有關HSPGs由細胞質內生成、輸送、分泌到細胞膜表面的機制闕如;本計劃將藉由Rotini 的研究,瞭解此一高基氏體蛋白質調控HSPGs生成的確切作用點,以為細胞質內輸送HSPGs之行為的前瞻性原型研究。
Abstract: Previously, we have developed a novel Drosophila cFRT2L2R chromosome that allows the direct recombination analysis of a P transposon-induced mutation. As a frontier in this field, this project is first aimed to use this efficient protocol as a platform to screen for novel essential gene with a specific maternal effect so as to understand more about maternal contributions in embryogenesis.

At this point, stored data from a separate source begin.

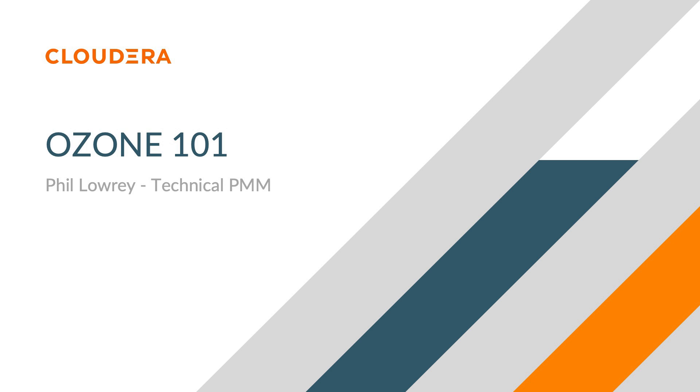I'm here to give you a quick overview of how Cloudera utilizes the power of Ozone in the Cloudera Data Platform.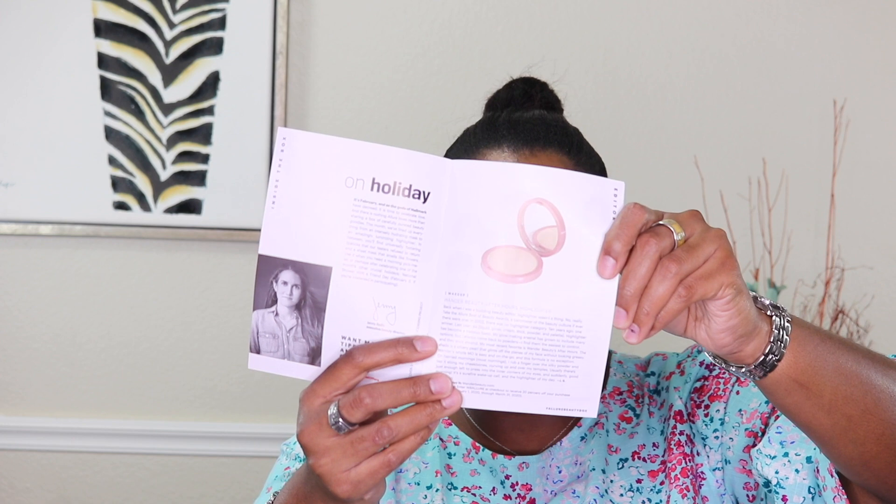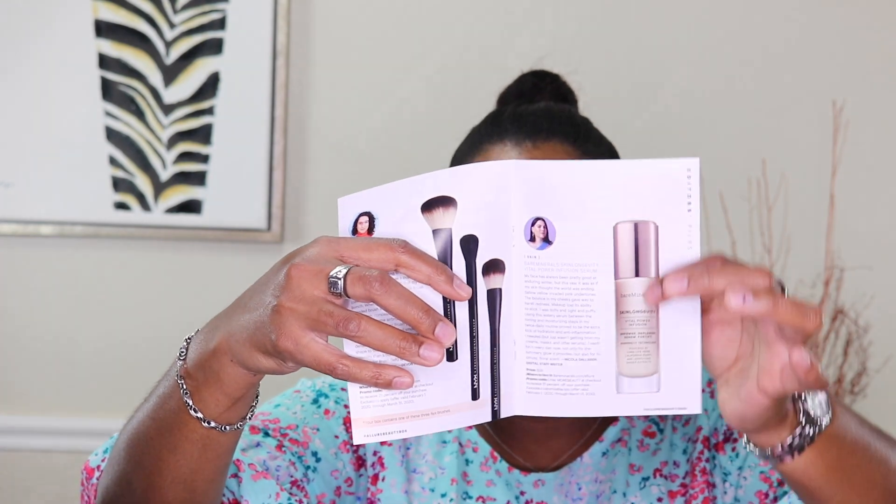Now I'll go through the magazine to share the prices. The Wonder Beauty After-Hours Highlighter is $30 full size. The NYX Makeup Brushes run from $14 to $17 across three sizes. The Bare Minerals Skin Longevity Vital Powder Infusion is $58 full size for 75 milliliters — I think it's worth it.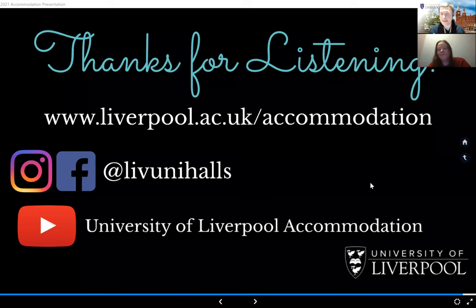On how long you have to accept an accommodation offer: unconditional offer holders have around seven days to accept. Conditional offer holders who receive their offer after exam results in August have about 24 hours to accept, but we give plenty of notice and communication beforehand so you're fully prepared and know what you're waiting for.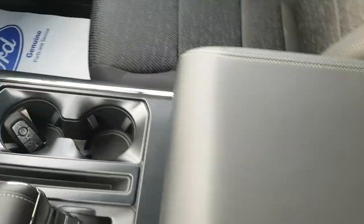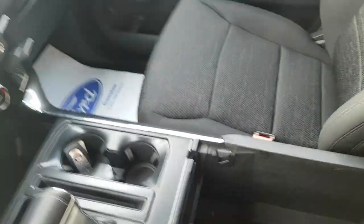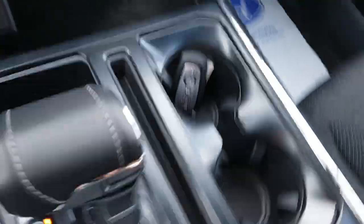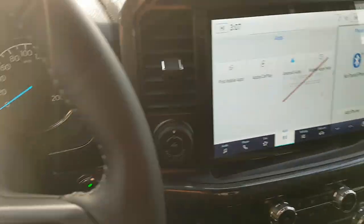There's a slot in the center for your phone, a big center console with extra cup holders for rear passengers, and USB-A and C down below. You also get extra storage above the glove box, and the glove box itself is lockable — as is the center console — making this a really nicely equipped and comfortable truck.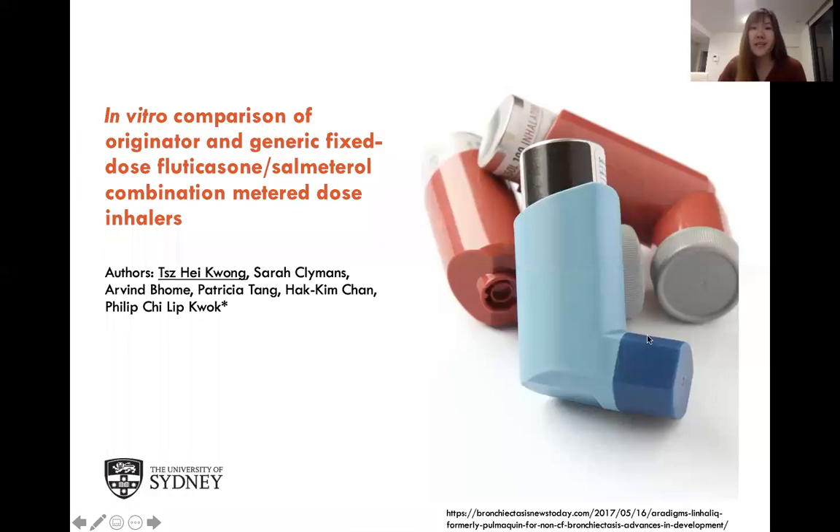Hi everyone, my name is Ken C from the University of Sydney. Today I'm going to talk about the in vitro comparison of originator and generic fixed-dose fluticasone and salmeterol combination metered-dose inhalers.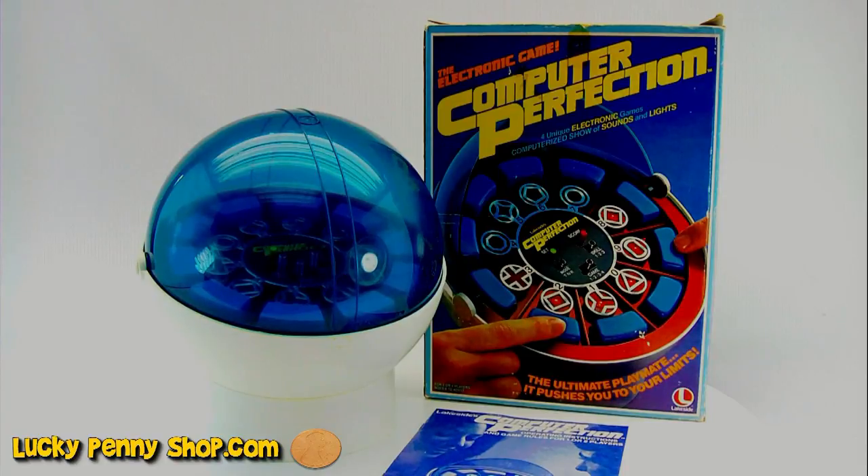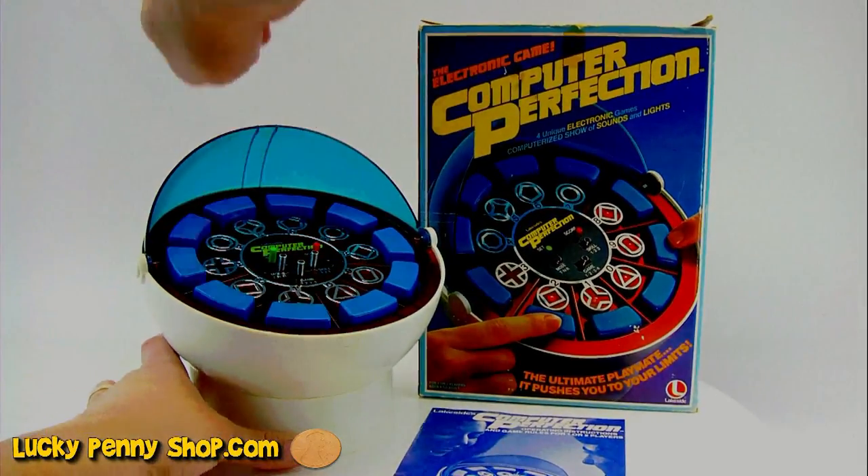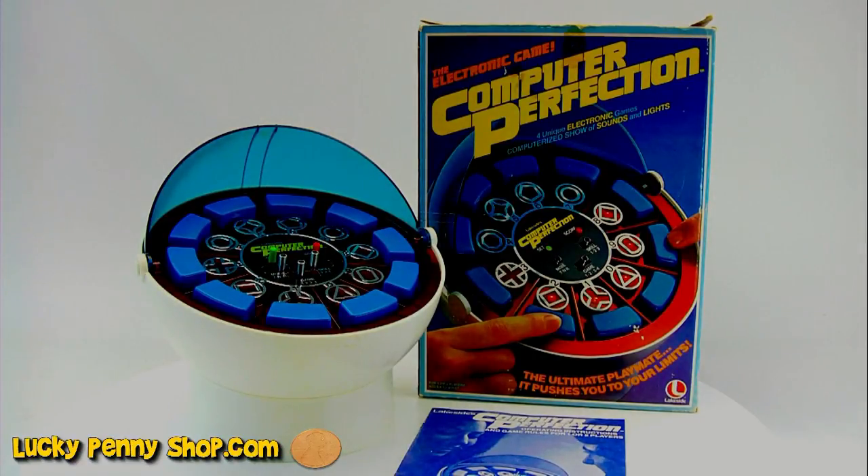So let's show you how this thing turns on. You just flip the lid up here, and once it's on, there are multiple modes, skill levels, and four different games. How about we turn down the lights and check out how this thing lights up.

Heparan sulfate proteoglycans (HSPGs) regulate the expression level and signal transduction of Hedgehog (Hh) morphogen. Mutations involved in biogenesis of core protein and GAGs glycosaminoglycans can cause the abnormal HSPGs expression and aberrant Hh expression and signaling.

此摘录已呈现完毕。